Required action:
Return the stretch from the line with "2 Bedroom Flat" through the line with "Massive & spacious" in the data below, character for character, skipping all pictures.

━━━━━ Material for this exercise ━━━━━

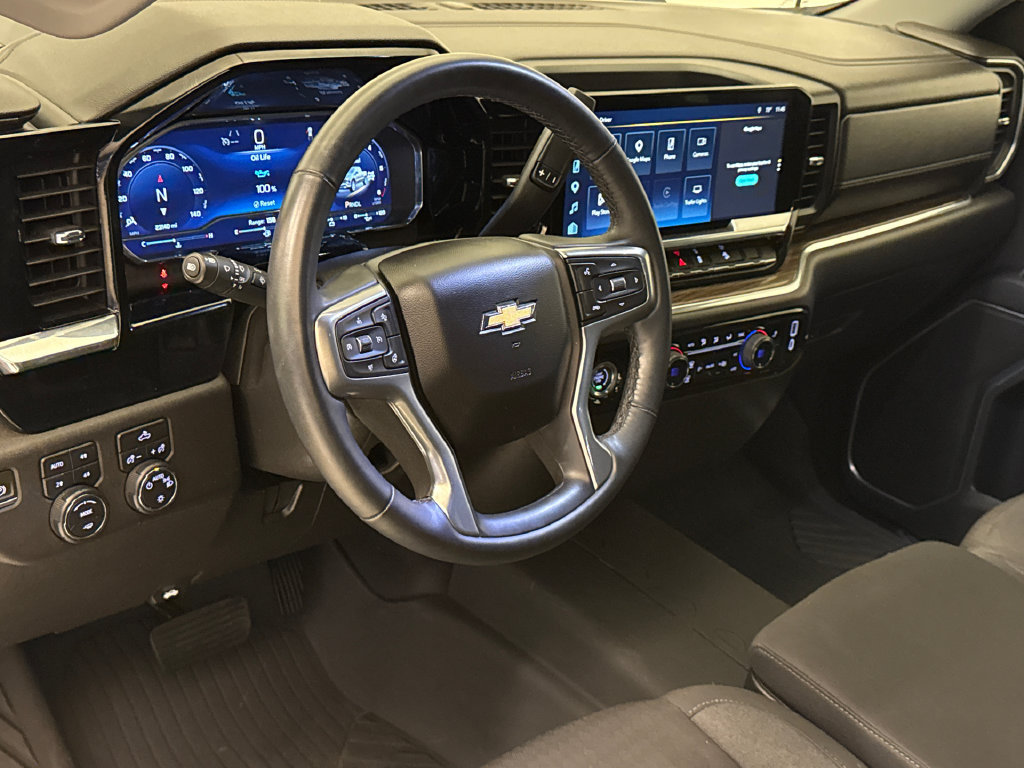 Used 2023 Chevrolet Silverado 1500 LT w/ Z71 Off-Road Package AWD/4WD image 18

━━━━━
━━━━━ Material for this exercise ━━━━━

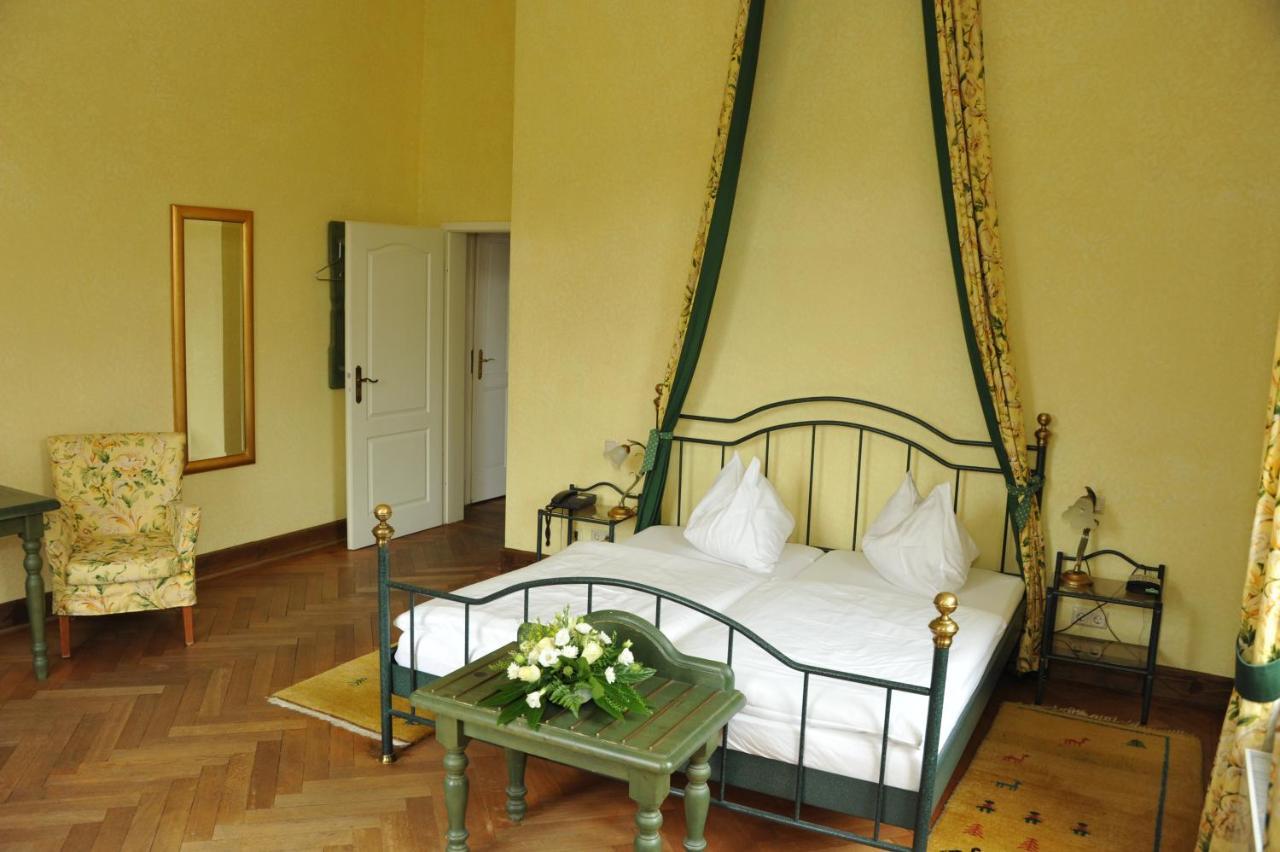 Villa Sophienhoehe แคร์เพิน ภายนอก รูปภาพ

━━━━━
━━━━━ Material for this exercise ━━━━━

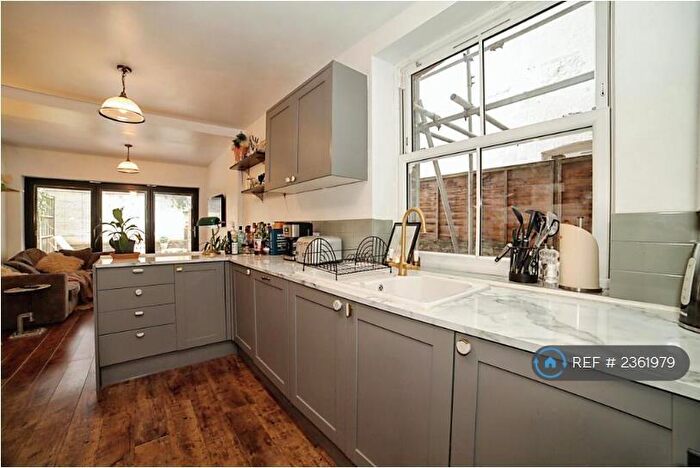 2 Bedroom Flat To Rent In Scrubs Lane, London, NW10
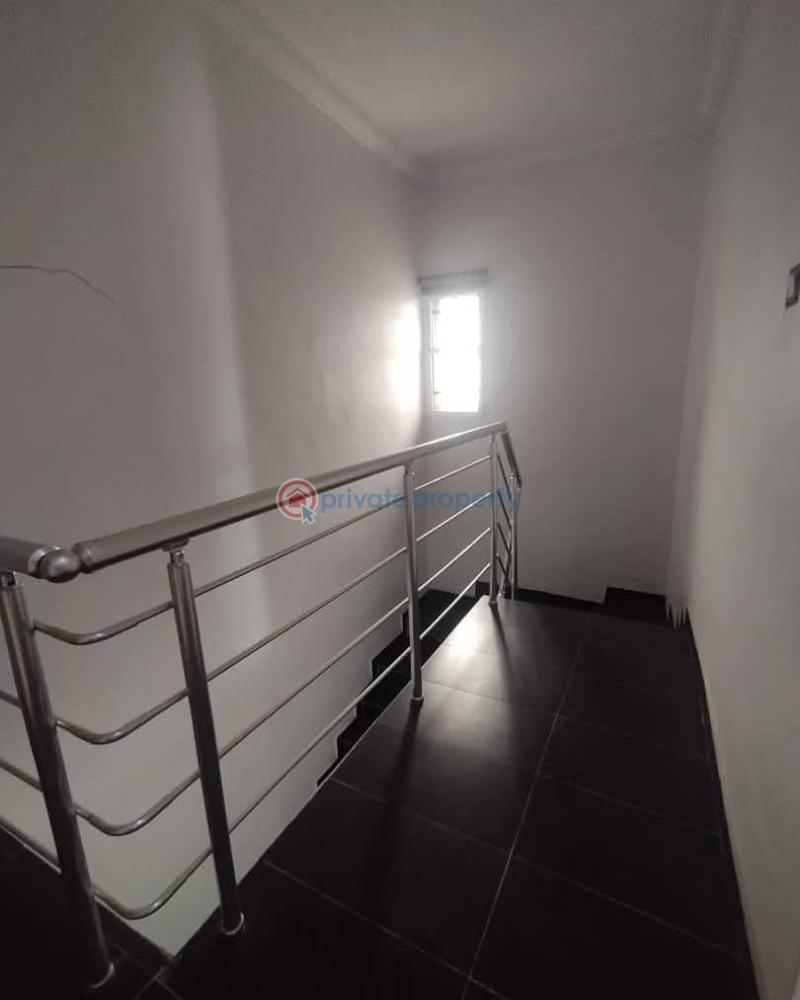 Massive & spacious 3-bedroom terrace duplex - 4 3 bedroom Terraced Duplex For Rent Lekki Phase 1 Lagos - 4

━━━━━

Response for this exercise:
 2 Bedroom Flat To Rent In Scrubs Lane, London, NW10
 Massive & spacious 3-bedroom terrace duplex - 4 3 bedroom Terraced Duplex For Rent Lekki Phase 1 Lagos - 4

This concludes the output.